> [Work to complete] Which lines below include "before"? Copy them all.

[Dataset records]
========
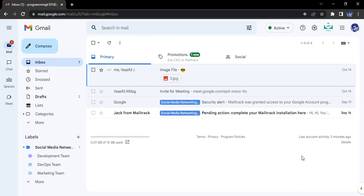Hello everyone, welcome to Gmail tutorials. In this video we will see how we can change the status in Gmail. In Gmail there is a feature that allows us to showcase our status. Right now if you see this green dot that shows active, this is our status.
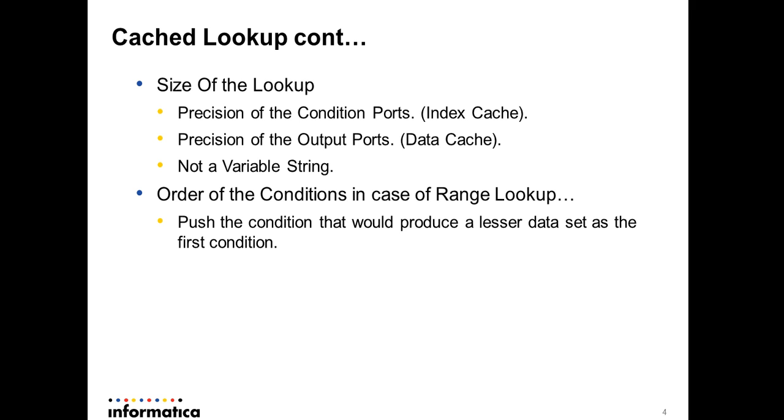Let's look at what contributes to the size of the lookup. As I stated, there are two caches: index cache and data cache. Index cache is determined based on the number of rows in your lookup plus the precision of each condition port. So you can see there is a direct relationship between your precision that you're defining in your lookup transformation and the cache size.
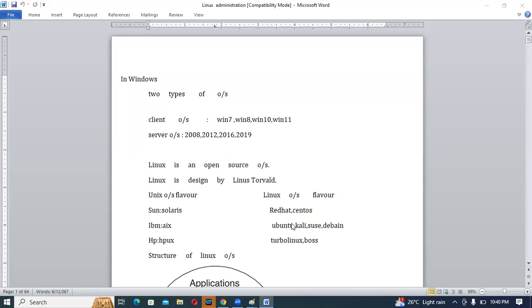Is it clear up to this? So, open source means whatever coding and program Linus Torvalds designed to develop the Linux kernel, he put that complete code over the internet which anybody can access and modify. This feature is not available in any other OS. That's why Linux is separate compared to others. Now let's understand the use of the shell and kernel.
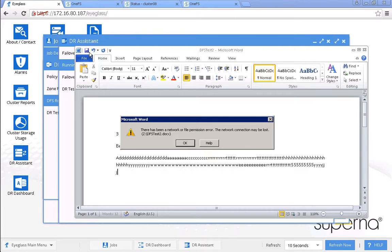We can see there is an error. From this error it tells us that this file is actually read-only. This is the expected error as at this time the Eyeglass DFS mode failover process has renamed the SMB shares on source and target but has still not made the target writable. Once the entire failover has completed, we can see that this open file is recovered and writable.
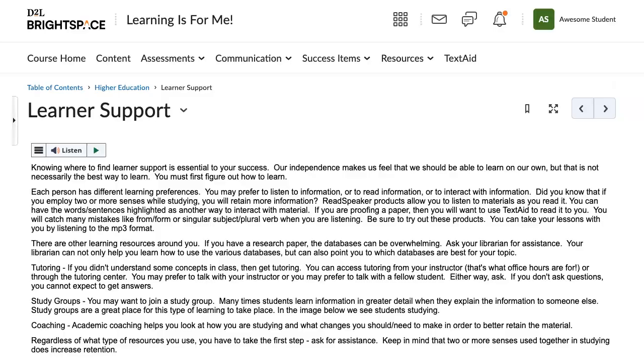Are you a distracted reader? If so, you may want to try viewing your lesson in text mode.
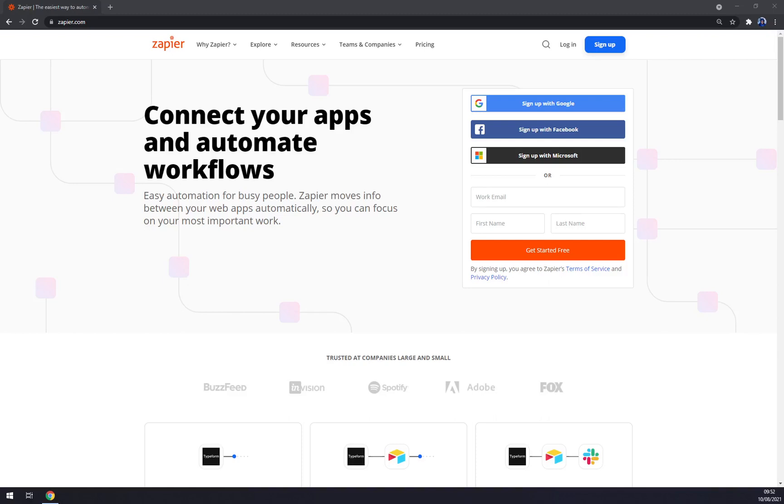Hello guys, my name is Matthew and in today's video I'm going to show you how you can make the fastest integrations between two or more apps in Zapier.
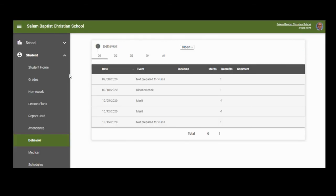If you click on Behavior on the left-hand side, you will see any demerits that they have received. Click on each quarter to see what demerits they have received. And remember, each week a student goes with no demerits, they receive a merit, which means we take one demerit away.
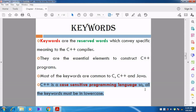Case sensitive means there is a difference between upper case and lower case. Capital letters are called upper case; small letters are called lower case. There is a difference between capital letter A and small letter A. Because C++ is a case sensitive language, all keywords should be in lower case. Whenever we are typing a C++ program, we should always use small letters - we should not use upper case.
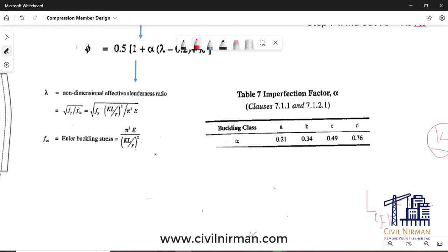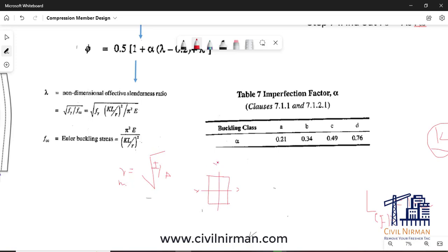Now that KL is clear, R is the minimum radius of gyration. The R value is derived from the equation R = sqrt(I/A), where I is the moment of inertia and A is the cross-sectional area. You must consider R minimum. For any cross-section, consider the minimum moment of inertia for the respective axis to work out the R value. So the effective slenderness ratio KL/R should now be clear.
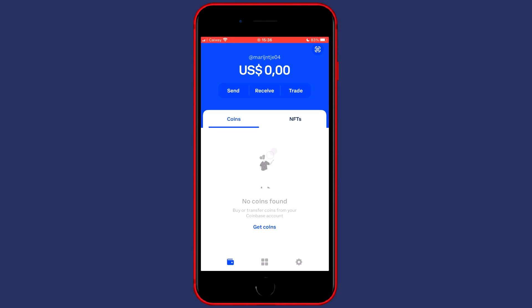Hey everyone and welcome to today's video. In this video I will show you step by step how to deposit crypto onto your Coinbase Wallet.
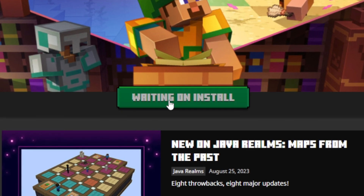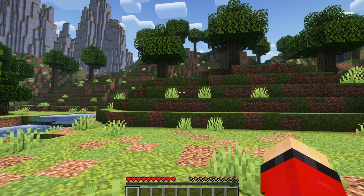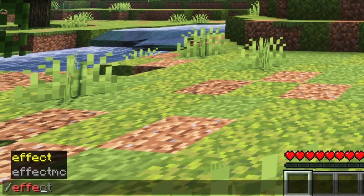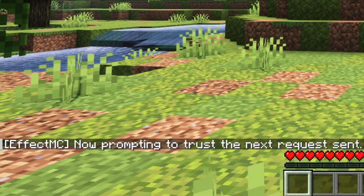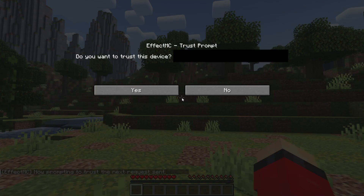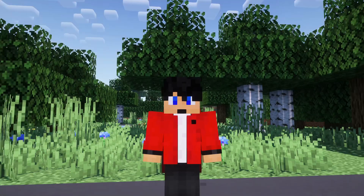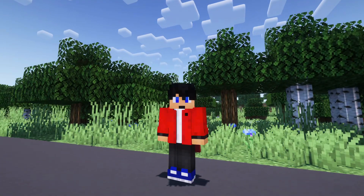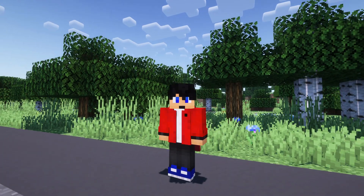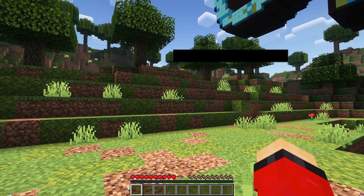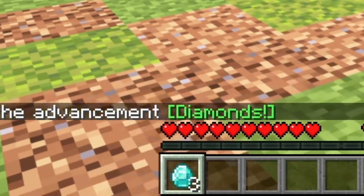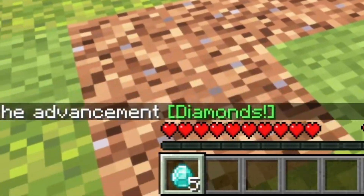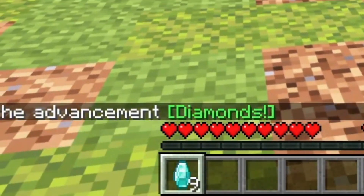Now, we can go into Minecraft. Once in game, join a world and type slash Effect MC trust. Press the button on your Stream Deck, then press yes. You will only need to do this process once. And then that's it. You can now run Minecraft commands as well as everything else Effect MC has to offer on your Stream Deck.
========
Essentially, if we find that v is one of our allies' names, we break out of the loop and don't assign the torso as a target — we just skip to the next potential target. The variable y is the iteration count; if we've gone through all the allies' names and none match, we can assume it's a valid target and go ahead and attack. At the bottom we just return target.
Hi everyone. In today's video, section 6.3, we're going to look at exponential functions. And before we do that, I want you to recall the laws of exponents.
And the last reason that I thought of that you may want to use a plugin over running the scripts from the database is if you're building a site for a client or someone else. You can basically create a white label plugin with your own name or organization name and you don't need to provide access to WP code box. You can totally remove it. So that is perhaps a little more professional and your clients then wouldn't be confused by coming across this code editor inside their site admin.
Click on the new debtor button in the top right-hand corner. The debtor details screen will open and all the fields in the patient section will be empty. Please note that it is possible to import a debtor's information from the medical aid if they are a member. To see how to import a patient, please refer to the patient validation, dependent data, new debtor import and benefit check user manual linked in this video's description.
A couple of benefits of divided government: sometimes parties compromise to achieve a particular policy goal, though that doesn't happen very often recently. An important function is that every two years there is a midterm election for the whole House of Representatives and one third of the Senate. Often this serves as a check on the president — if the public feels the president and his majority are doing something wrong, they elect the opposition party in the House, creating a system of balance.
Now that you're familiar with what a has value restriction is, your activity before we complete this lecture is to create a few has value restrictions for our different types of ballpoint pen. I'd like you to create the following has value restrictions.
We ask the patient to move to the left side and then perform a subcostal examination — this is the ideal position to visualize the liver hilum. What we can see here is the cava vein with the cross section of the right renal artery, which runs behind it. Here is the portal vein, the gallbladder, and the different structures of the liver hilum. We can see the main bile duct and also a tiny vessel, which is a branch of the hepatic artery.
========
> [Task output]
Hi everyone. In today's video, section 6.3, we're going to look at exponential functions. And before we do that, I want you to recall the laws of exponents.
Now that you're familiar with what a has value restriction is, your activity before we complete this lecture is to create a few has value restrictions for our different types of ballpoint pen. I'd like you to create the following has value restrictions.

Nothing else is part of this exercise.